Neither Robert F. Kennedy Jr., President-elect Donald Trump’s pick to lead the Department of Health and Human Services, nor Dr. Mehmet Oz, his pick to lead the Centers for Medicare and Medicaid Services, is a stranger to scandal. But it’s their connection to “wellness” ideology, which includes the belief that health is holistic and that individuals are the most qualified experts on their own experience — that should command our attention.
Kennedy and Oz amplify the worst aspects of wellness culture: conspiracy theories, cheap hucksterism and anti-institutionalism.
Kennedy and Oz are dangerous choices to lead major federal agencies because they amplify the worst aspects of that sprawling wellness culture: conspiracy theories, cheap hucksterism and an anti-institutionalism that undermines the very agencies they’ve been slated to run. But we must separate our justified outrage at Trump choosing them from two key truths: The health issues they discuss pose legitimate problems for many Americans — that’s how each became so popular — and the wellness movement in which they participate has positively contributed to our understanding of health and well-being in the United States.
Kennedy made his name as an environmentalist legal crusader, but his passion for protecting all that is “natural” has led him to make arguments far outside accepted scientific opinion, most infamously in his championing the discredited theory that vaccines cause autism, but also that contaminated water can make people transgender, that 5G cell towers “control our behavior” and that raw milk is safe for consumption.
Oz, trained as a cardiothoracic surgeon, was affiliated with Columbia University (until it cut ties with him in 2022) but rose to celebrity as the host of “The Dr. Oz Show” (a spinoff of “The Oprah Winfrey Show”), where he offered mainstream diet, nutrition and sexual health tips interspersed with recommendations for unverified cures and supplements. It was those recommendations that landed him in a Senate hearing, where he admitted much of his advice doesn’t “have the scientific muster to present as fact.”
During his failed run for the U.S. Senate in Pennsylvania, we learned of his financial ties to the pharmaceutical companies that manufacture hydroxychloroquine, a drug he’d recommended to treat Covid while downplaying the medication’s risks, casting further doubts on his credibility.
Kennedy and Oz developed such a large audience because they speak constantly to issues such as obesity, anxiety, autism, chemical dependence and chronic pain that truly do trouble Americans. The two also give voice to their audiences’ frustrations with the insufficiency of our health care system to solve or address their most pressing problems. The belief that our health care system isn’t keeping us well is held across the political spectrum, but while many seek improvements to this system, Kennedy and Oz typically attack the institutions and the prevailing approaches themselves.
Kennedy mused that the virus had been designed to spare Ashkenazi Jews and Chinese people, whereas Oz pushed hydroxychloroquine.
These messages especially resonated with Americans during the pandemic. Kennedy and Oz took aim at how the government handled it — and rose to new heights of popularity. Many of their statements were unhinged and inflammatory. Kennedy called Covid vaccines the deadliest yet and mused that the virus had been designed to spare Ashkenazi Jews and Chinese people, whereas Oz pushed hydroxychloroquine and, while cases were skyrocketing in April 2020, called reopening schools an “appetizing opportunity.” This was long before even open-schools advocates thought this was a safe idea.

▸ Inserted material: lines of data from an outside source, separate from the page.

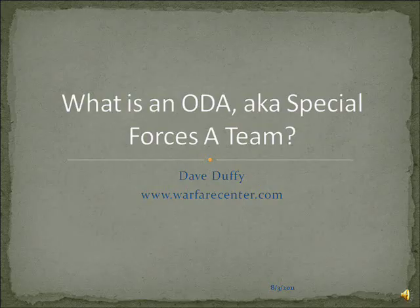This is another in a series of videos that I'm doing on topics related to the Department of Defense and the Special Operations Forces community. My name is Dave Duffy. I'm a retired Green Beret and combat veteran. I hope you enjoy.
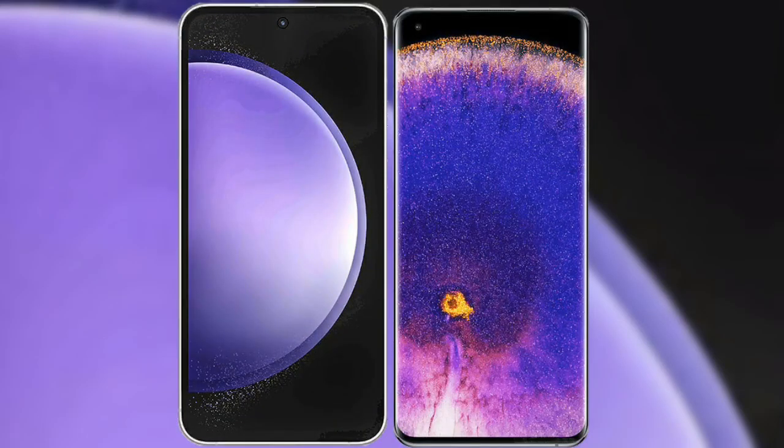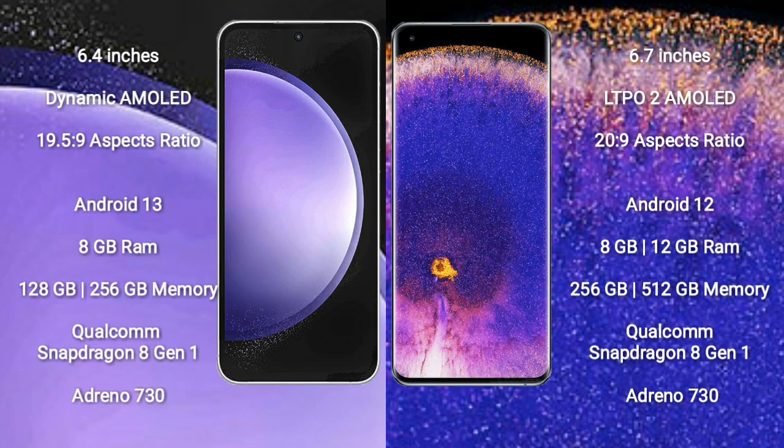I will compare the new Samsung Galaxy S23 FE with the OPPO Find X5 Pro. The Samsung Galaxy S23 FE comes with a 6.4-inch Dynamic AMOLED display with a resolution of 1080 x 2340. The OPPO Find X5 Pro comes with a 6.7-inch LTPO2 AMOLED display with a resolution of 1080 x 2412.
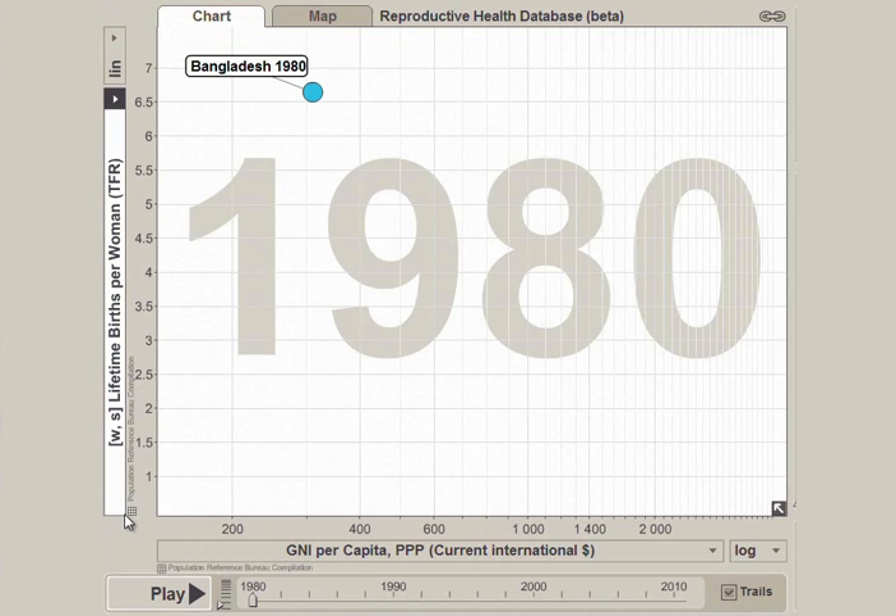On the left axis of this trend graph, we have the average number of births per woman, which we call the fertility rate, and it goes from zero up to about six children per woman. On the bottom axis, we have the gross national income per person, or GNI. This is in U.S. dollars, and it is standardized for what a dollar can buy today in Bangladesh. On this bottom axis, we go from zero over to $3,000.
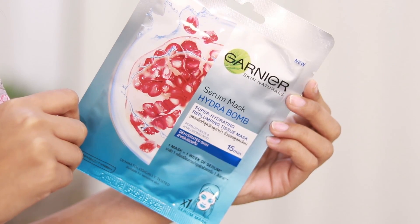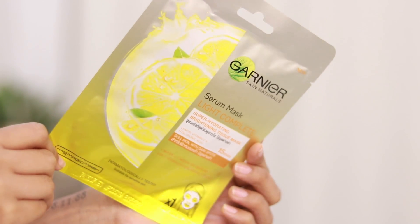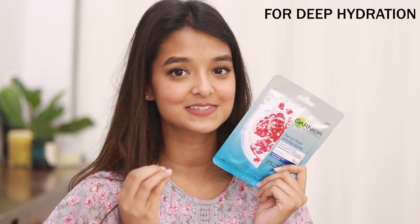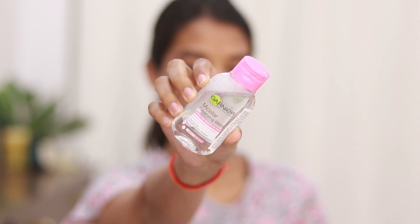Today I have these Garnier sheet masks — the Serum Mask Hydra Bomb and the Serum Mask Light Complete. I'll be using the Hydra Bomb today because one mask gives you one full bottle of serum. The Garnier Hydra Bomb pomegranate serum mask is packed with youth-enhancing moisturizing ingredients such as antioxidant-rich pomegranate extract. It's suitable for dehydrated skin as it provides deep hydration. The Garnier Light Complete is infused with the goodness of vitamin C and lemon.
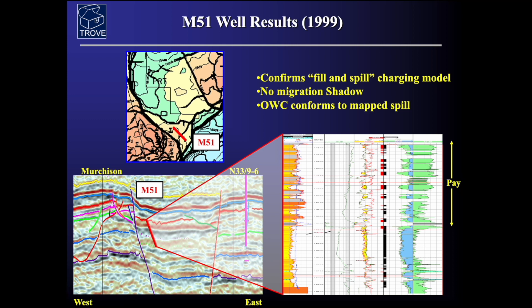When we look at the results of the well, you can see there was a significant amount of oil pay shown on the logs. Here's a water-bearing zone underneath in this massive Etive sand, but what was found was that the oil filled to the spill point — consistent with this fill-and-spill charging model. There was indeed no migration shadow, and that was a risk prior to drilling.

But when we zero in on the duo’s most outlandish claims, we may lose sight of why many Americans who were not necessarily conspiracy theorists were drawn to their critiques. For example, when public health authorities quickly mandated masks, vaccination, closures and isolation — and dismissed those who questioned these disruptive measures, even to raise reasonable health concerns about issues such as sedentariness and social isolation — the ideas Kennedy, Oz and their fellow travelers circulated were understandably attractive.
They continued to promote exercise and nutrition as a way to mitigate comorbidities. They asked questions not only about how rapidly the vaccine was rolled out, but also about the apparently arbitrary metrics such as the 6 feet of social distancing we were told to observe or the 14-day quarantines those infected were told to endure. Those questions, including the ones they raised about the origin of the virus itself, were (mostly) reasonable but largely unwelcome in public health discourse.
When Oz said that the lockdowns that shuttered schools and separated people from their loved ones was “not a healthy way to live,” he articulated a sentiment that was in many ways unremarkable, but sounded like brave truth-telling in a context of suppression.
It is this skepticism and an emphasis on holistic health and individual agency that has made the “wellness” outlook not only appealing but often a positive force in improving people’s lives. In the early 20th century, those who evangelized about diet and exercise were dismissed as “health nuts,” (and some of their ideas merited this label). But after World War II, when more Americans than ever before enjoyed relative prosperity, the World Health Organization adopted a newly expansive definition of health: “a state of complete physical, mental and social well-being and not merely the absence of disease or infirmity.”